I was approached by one of the Dev teams here at Orion Health for some help in ‘FHIR-enabling’ a patient selection service that they have been asked to build. My initial reaction was that we could model this directly as a restful query against /Patient, but after talking to them, the requirements were a bit more complex.
The application/module that they want to query against is a Clinical Pathways one. Patients are registered against a pathway – like diabetes management – and the requirement is to be able to return a list of patients on that pathway. The current requirement is just to return the list, but at some time in the future it is likely that there will be other query parameters as well.
The ‘twist’ to the story was that they wanted to be able to include in the returned list the ‘access level’ of the user making the query for each patient. This would be used by the client to display ‘hints’ to the user in the list UI – eg if the user would need to ‘break the glass’ to view that patients records then the UI would display a lock icon & so forth.
There may also be situations where the user should not even know if the patient is on a pathway, and in that case the patient should not even be in the list. In this scenario the client needs to know that the returned list is incomplete (but not the details of course).
Lets think about this in two parts – the format of the List, and how to represent the access levels.
We talked over a number of options for the list format.
Initially we were thinking of a DSTU-2 style operation to allow for different query parameters and back-end processing – but after some discussion this seemed overkill, and also we preferred to use DSTU-1 at this stage, as that is what the other FHIR initiatives in Orion Health are using – and consistency across the organization is important (especially as we are using the HAPI library to handle the manipulation of resources).
Eventually we settled on the Group resource. From the spec: “To define a group of specific people, animals, devices, etc. that is being tracked, examined or otherwise referenced as part of healthcare-related activities” so that seemed ideal. We can use the identifier property to identify the specific pathway that we want to list the patients on, and the type property to indicate that we are expecting Patient resources in the list.
So now for the ‘security’ aspects of the list.
What this requires is that the server, when processing the query will need to perform the following actions:
- Retrieve the list of patients from the pathway.
- For each patient in the list, call the internal privacy service to determine the level of access of the user making the query (naturally it will be an authenticated user). Depending on the access level, then the server will place the appropriate annotation in the list so the client can render the UI.
There a quirk though – If the user is unable to access a patient – but is allowed to know that they are on the list then that is just another annotation – but what to do if they aren’t even allowed to know? Maybe the patient is a VIP of some sort? We should let the client know that the list is incomplete, but no more than that. In the end we decided that an OperationOutcome resource in the returned bundle would be the best approach – and we can add an extension to the type property (of datatype CodeableConcept) that indicates the reason why the list is incomplete (and we’ll create a ValueSet that has the list of possible values, with a Profile connecting the two).

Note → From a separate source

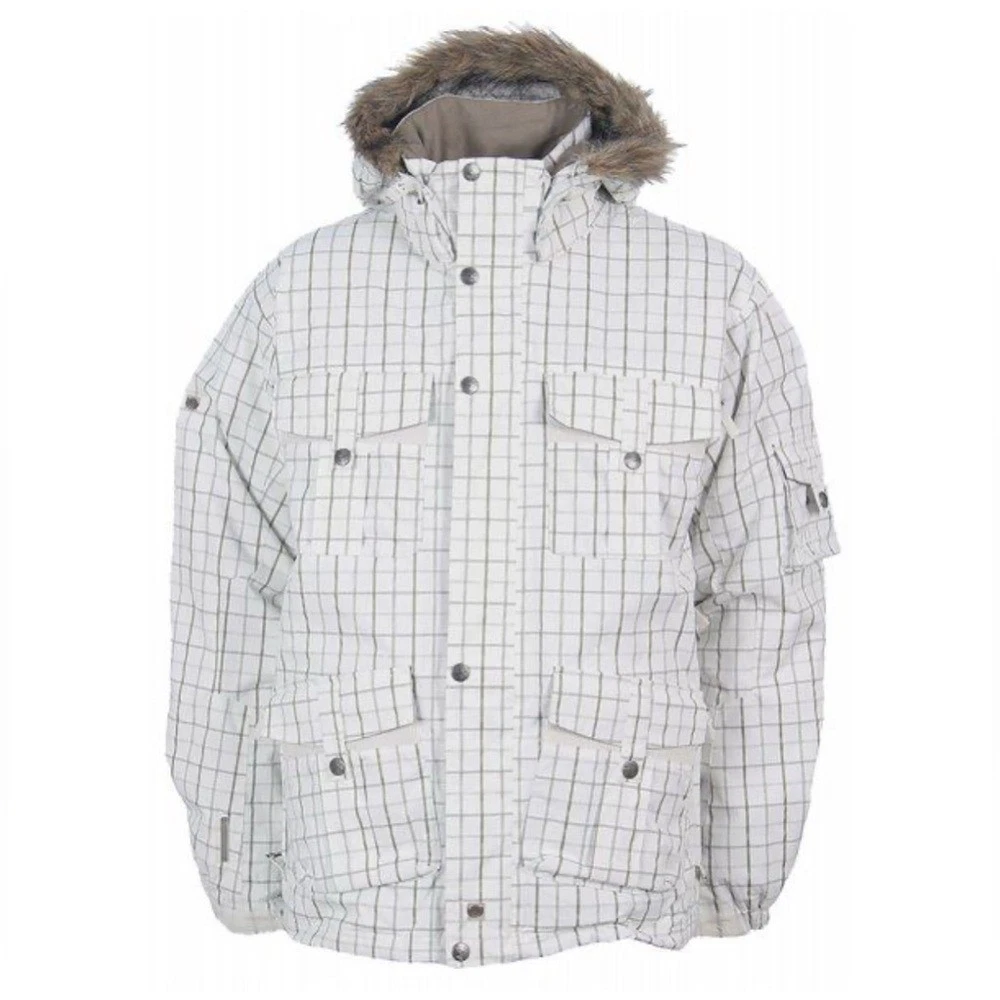PLANET EARTH Men's Snowboard Coat Large White Checkered Ski Jacket Faux Fur Hood image 1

So how do we do the annotation? Well, that seems a good fit with the tags ability of FHIR. All we need to do is place the appropriate tag against each patient and we’re done. Initially we looked at the defined security labels (which are a specific type of tag), but after some discussion on the skype implementers chat we decided that this wasn’t the best fit. We were wanting to indicate the outcome of privacy processing rather than attributes of a resource that would be the inputs into such a decision so the fit wasn’t really all that good. We decided to use a custom set of tags with a ValueSet that lists the possible values for the tags.
So there you have it.
The query (which would be made by an authenticated user) will look something like:
[server]/Group?identifier={pathway}&...
The response will be a bundle that contains:
- A Group resource representing the pathway group. We may add extensions to this resource if there’s more we want to tell the client about the pathway, though we do have the text property if we just want to display text to the user.
- Zero or more Patient resources, each patient being referenced by the member property of the Group. Note that the client didn’t need to tell the server to include the Patient resources – the server is allowed to add other resources as it sees fit, though it can also respond to an _include request if it has the functionality.
- Similarly there may be some Practitioner resources from the Patient.careProvider property
- Each patient will have one of our custom tags to indicate the action the user will need to take if they select that patient (obviously security will be applied when the patient is selected – not when the list is generated!). Of course, if this service is consumed by a client that doesn’t understand our tags then no harm has been done – the security will still be applied when the patient is selected regardless.
- An optional OperationOutcome resource – at this stage only when the list is incomplete, but we could use it in any other situation when we want to notify the user of something.
We should also create a profile that describes this service, binds the various ValueSets to the coded properties, and includes the definitions of the extensions as well. Perhaps a topic for another post!
It also raises questions about whether every internal ‘end point’ that is FHIR related should have a Conformance resource exposed by it (I suspect that the answer is yes, as it helps with documentation if nothing else).